The Discipline of Reassessment
The companies in Good to Great did not succeed because they made one big change.
They succeeded because they built a culture of disciplined thinking.
They did not assume.
They examined.
They did not accept.
They evaluated.
And over time, that discipline compounded.
Frequently Asked Questions
How do I know if something has been “accepted” versus intentionally designed?
If the primary reason it exists is “because that’s how we’ve always done it,” it has likely been accepted rather than recently evaluated.
Won’t questioning systems create resistance from my team?
It can—but when framed as improvement rather than criticism, it often creates engagement. High-performing teams want clarity and efficiency.
How often should I review processes and systems?
At minimum, quarterly. But more important than frequency is consistency in asking the right questions.
What if everything seems to be working well?

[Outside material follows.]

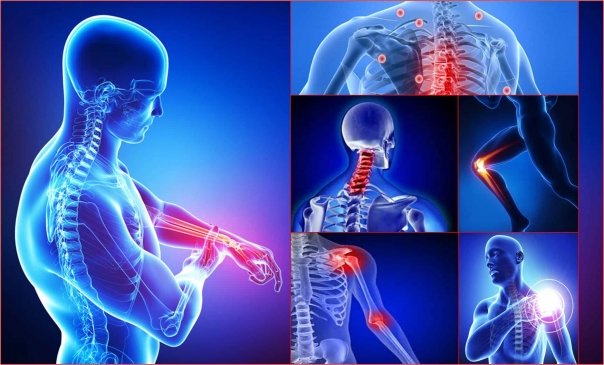 Remedii care combat durerile de muschi si articulatii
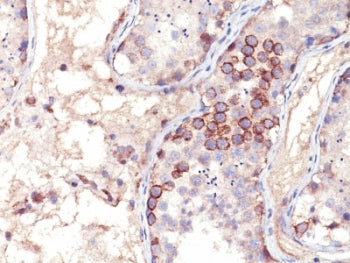IHC analysis of formalin-fixed, paraffin-embedded human testis stained with MAGE-1 antibody (clone M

That is precisely when this work matters most. Stability often hides the greatest opportunities for refinement.
Should I involve my team in this process?
Yes. They often see friction points leaders don’t. But the responsibility to initiate the evaluation sits with leadership.
Final Thoughts
Most businesses don’t stall because they fail.
They stall because they settle.
Not intentionally.
Not dramatically.
But quietly—through what they accept.
The question is not whether your systems work.
The question is whether they still deserve to exist in their current form.
Because what you accept today becomes your standard tomorrow.
And standards—not intentions—determine performance.